In Commissioner of Internal Revenue v. Rivera's Estate, 214 F.2d 60 (2d Cir. 1954), the Commissioner of Internal Revenue sought to apply the estate tax provisions of the 1934 Revenue Act to United States assets of a Puerto Rico resident who was also a citizen of the United States. The Second Circuit rejected this assertion reasoning, inter alia, that Congress, in enacting the Organic Acts for Puerto Rico in 1900 and 1917, had established "that in general the Puerto Ricans should have the duty of supporting their own government and the correlative right of having all of their sources of revenue available for insular expenses." (Id. at 62.) Relying on, inter alia, Rodgers v. United States, 185 U.S. 83, 22 S. Ct. 582 (1902), supra, the Court *706 held that the provisions of the Revenue Act dealing with revenues generally could not be interpreted as impliedly repealing provisions of the earlier Organic Acts which were specifically concerned with the tax status of Puerto Rican residents.

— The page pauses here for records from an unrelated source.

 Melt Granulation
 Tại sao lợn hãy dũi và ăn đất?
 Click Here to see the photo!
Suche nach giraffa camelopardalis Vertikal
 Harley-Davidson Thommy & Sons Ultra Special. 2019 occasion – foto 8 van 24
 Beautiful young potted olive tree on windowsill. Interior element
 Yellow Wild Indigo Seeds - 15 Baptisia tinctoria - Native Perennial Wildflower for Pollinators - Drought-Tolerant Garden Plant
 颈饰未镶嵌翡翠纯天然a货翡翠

In Washington v. Miller, 235 U.S. 422, 35 S. Ct. 119, 59 L. Ed. 295 (1914), an earlier statute making specific provision for descent and distribution among citizens of the Creek Nation and their Creek descendants was held not to have been repealed by a subsequent statute covering descent and distribution generally applicable to "`all persons and estates in said Territory, whether Indian, freedmen, or otherwise * * *.'" (Id. at 427, 35 S. Ct. at 122.) There being no repealing clause, and since "it was plainly a general statute [dealing with descent and distribution], and did not show that the attention of Congress was then particularly directed to the descent of the lands of the Creeks" (id. at 428, 35 S.Ct. at 122), the Court held that there had been no implied repeal.

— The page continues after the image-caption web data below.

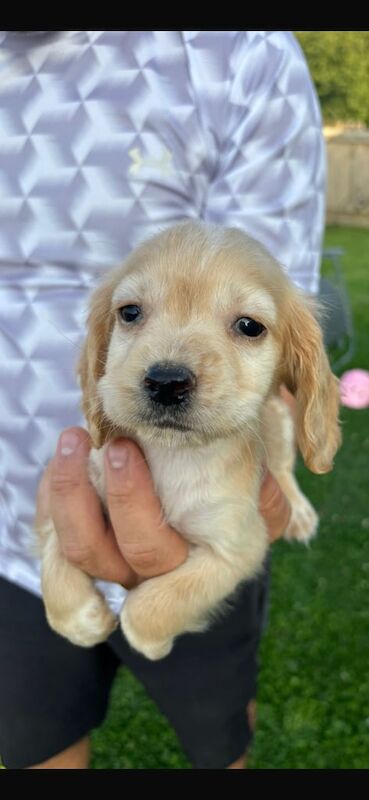 Cocker Spaniel puppies for sale in Bath, Somerset – 9 weeks old - Image 2 of 3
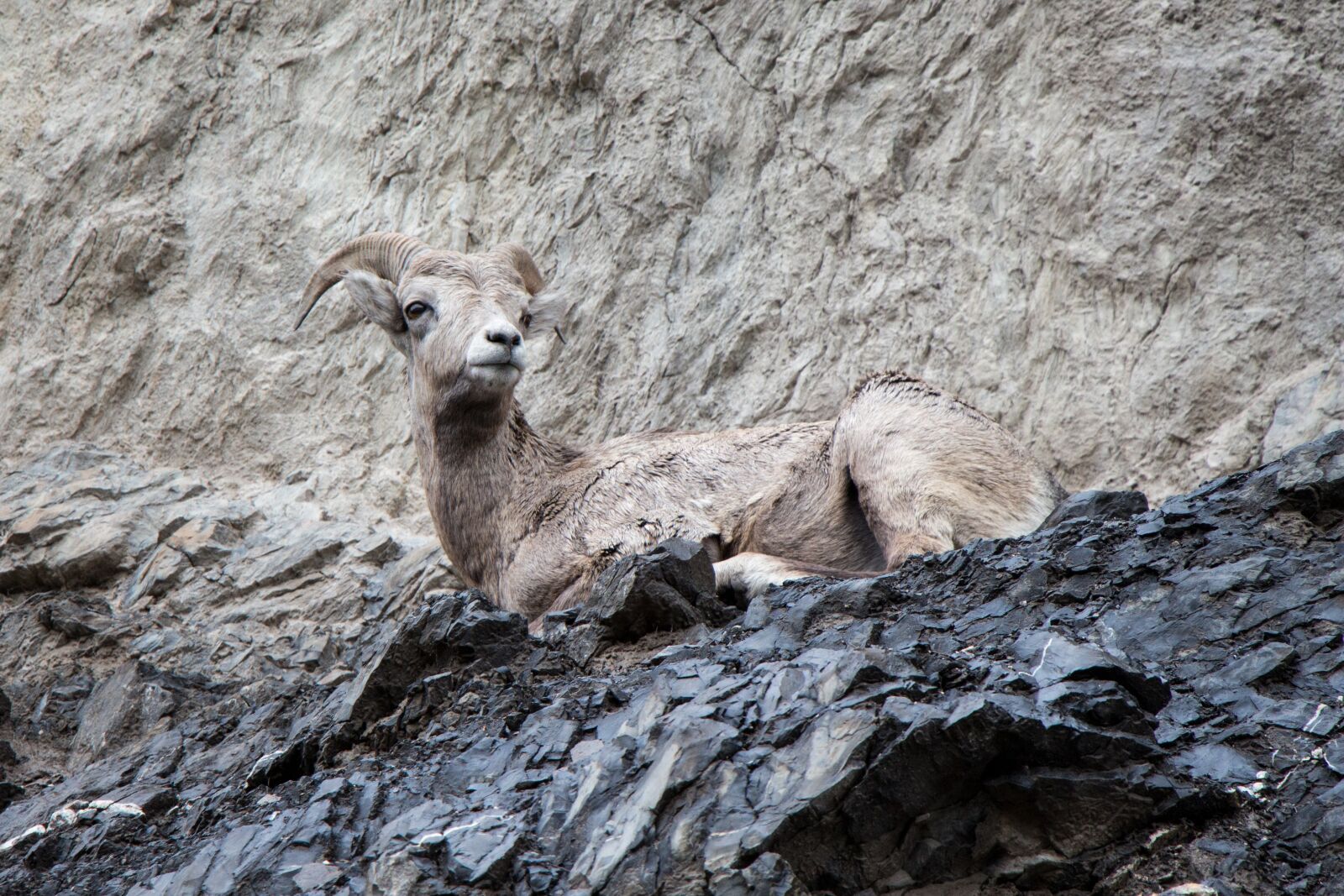 Canon EOS 700D (EOS Rebel T5i / EOS Kiss X7i) sample photo. Mountain goat, cliff, horn photography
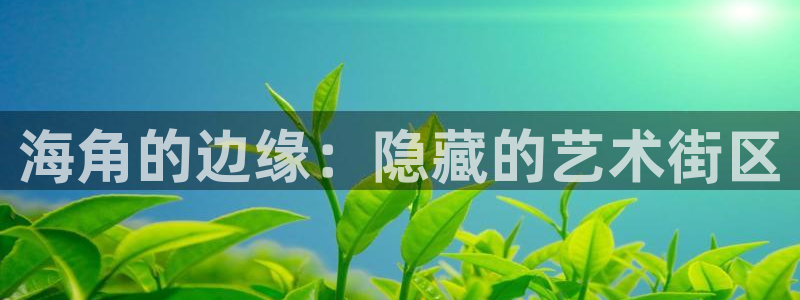 小草社区海角：海角的边缘：隐藏的艺术街区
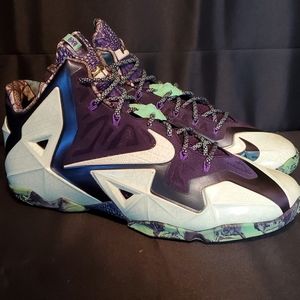 Lebron 11's (Gator King)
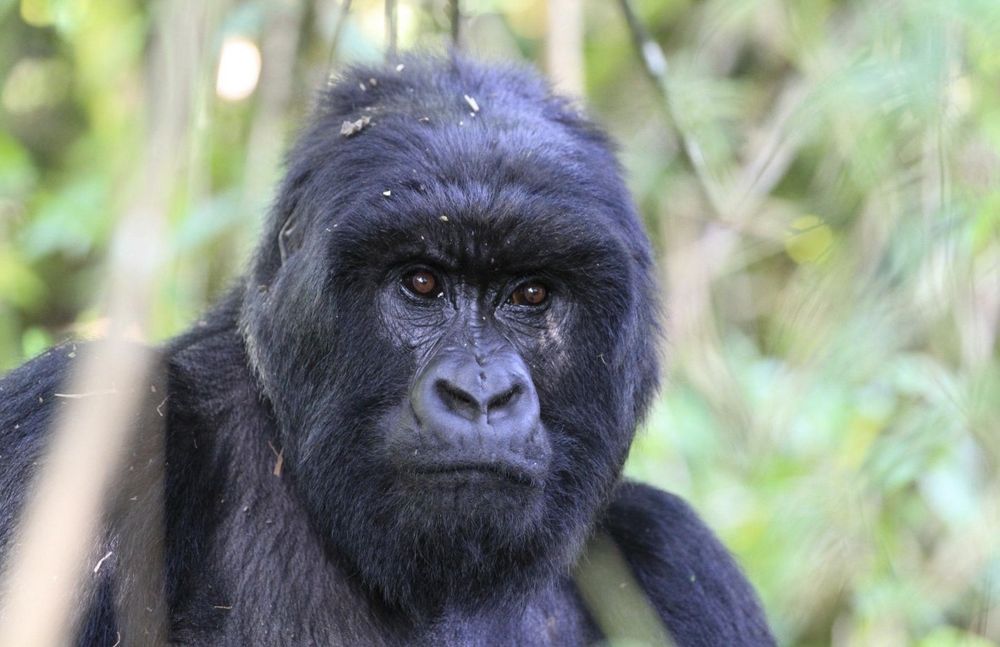 Mountain gorilla in Volcanoes National Park, Rwanda
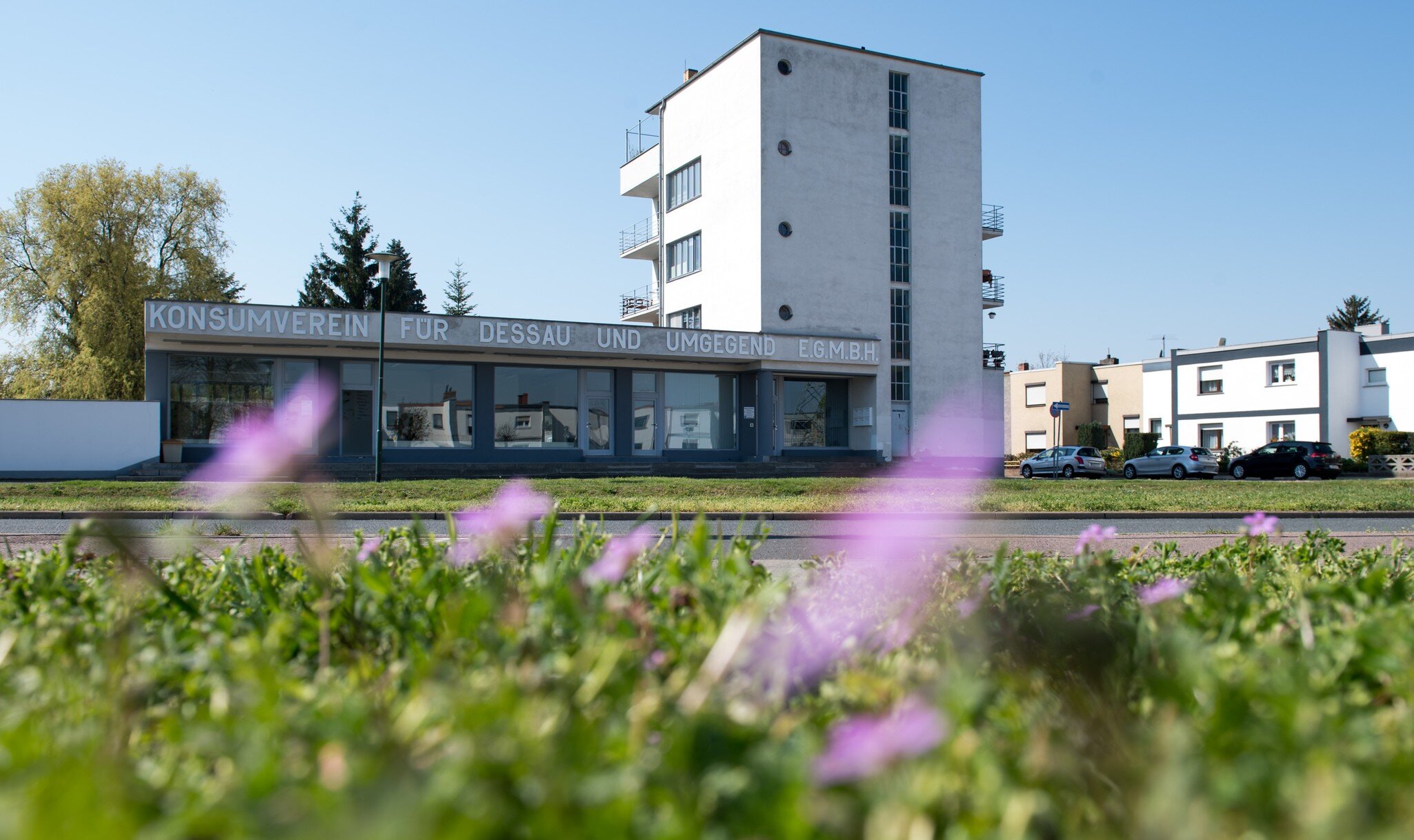 18 April 2019, Saxony-Anhalt, Dessau-Roßlau: Flowers bloom on the meadow in front of the consumer building in the Bauhaus settlement of Dessau-Törten, which was designed by Walter Gropius in 1928.  After extensive renovation work, the original Bauhaus buildings open before Easter. For the anniversary year 2019 they will receive a new coherent curatorial narrative. The buildings themselves become exhibition objects. Photo: Hendrik Schmidt/dpa-Zentralbild/dpa (Photo by Hendrik Schmidt/picture alliance via Getty Images)
1137874504
Arts,  Culture and Entertainment, architecture, History of the, Art, Anniversaries, Buildings, House, Bauhaus, Design, Layout, Fine Arts
18 April 2019, Saxony-Anhalt, Dessau-Roßlau: Flowers bloom on the meadow in front of the consumer building in the Bauhaus settlement of Dessau-Törten, which was designed by Walter Gropius in 1928. After extensive renovation work, the original Bauhaus buildings open before Easter. For the anniversary year 2019 they will receive a new coherent curatorial narrative. The buildings themselves become exhibition objects. Photo: Hendrik Schmidt/dpa-Zentralbild/dpa (Photo by Hendrik Schmidt/picture alliance via Getty Images)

"In these circumstances we think there was no implied repeal, and for these reasons: First, such repeals are not favored, and usually occur only where there is such an irreconcilable conflict between an earlier and a later statute that effect reasonably cannot be given to both (United States v. Healey, 160 U.S. 136, 146, 16 S. Ct. 247, 40 L. Ed. 369, 373; United States v. Greathouse, 166 U.S. 601, 605, 17 S. Ct. 701, 41 L. Ed. 1130, 1131); second, where there are two statutes upon the same subject, the earlier being special and the later general, the presumption is, in the absence of an express repeal, or an absolute incompatibility, that the special is intended to remain in force as an exception to the general (Townsend v. Little , 109 U.S. 504, 512, 3 S. Ct. 357, 27 L. Ed. 1012, 1015; Ex parte Crow Dog, 109 U.S. 556, 570, 3 S. Ct. 396, 27 L. Ed. 1030, 1035; Rodgers v. United States, 185 U.S. 83, 87-89, 22 S.Ct. 582); and, third, there was in this instance no irreconcilable conflict or absolute incompatibility, for both statutes could be given reasonable operation if the presumption just named were recognized." Washington v. Miller, supra, 235 U.S. at 428, 35 S. Ct. at 122.

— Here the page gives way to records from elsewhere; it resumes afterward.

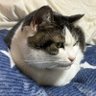 Profilbild von もこ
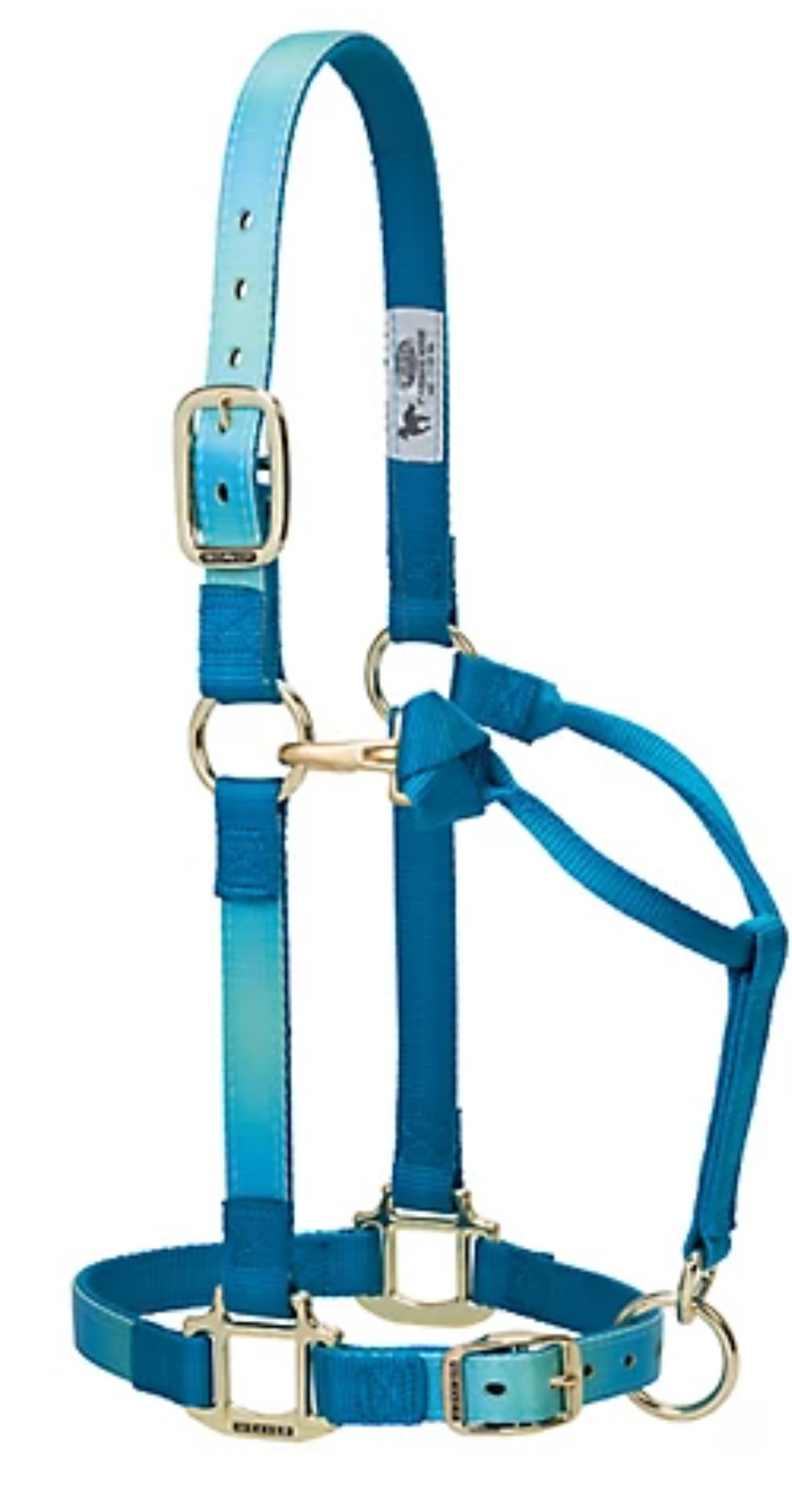 Weaver Equine Adjustable Horse Halter, Average, Blue Ombre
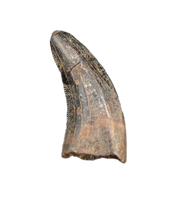 Nanotyrannus Tooth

These rules are equally applicable to statutes relating to jurisdiction or venue. Rosencrans v. United States, 165 U.S. 257, 262, 17 S. Ct. 302, 41 L. Ed. 708 (1897).
Within the framework of the foregoing guiding canons of construction, can it be said that the venue provisions of the Securities and Exchange Acts have repealed the venue provisions of the National Bank Act? I believe that the answer must be that they have not. It has been determined that the provisions of Section 94 apply to all actions against national banks, Leonardi v. Chase Nat. Bank (supra, 81 F.2d at 21); Buffum v. Chase Nat. Bank (supra, 192 F.2d at 61), so that, absent the venue provisions of those statutes (Securities and Exchange Acts), the former statute, unaffected by the general venue statute, would apply to any action brought under the Securities and Exchange Acts. Clearly, there has been no express repeal of Section 94, nor does any party hereto so argue. Indeed, as pointed out by the Supreme Court, "[t]he Securities Exchange Act contains no express exemption from the antitrust laws or, for that matter, from any other statute." (Silver v. New York Stock Exch., supra, 373 U.S. at 357, 83 S. Ct. at 1257 (emphasis added)).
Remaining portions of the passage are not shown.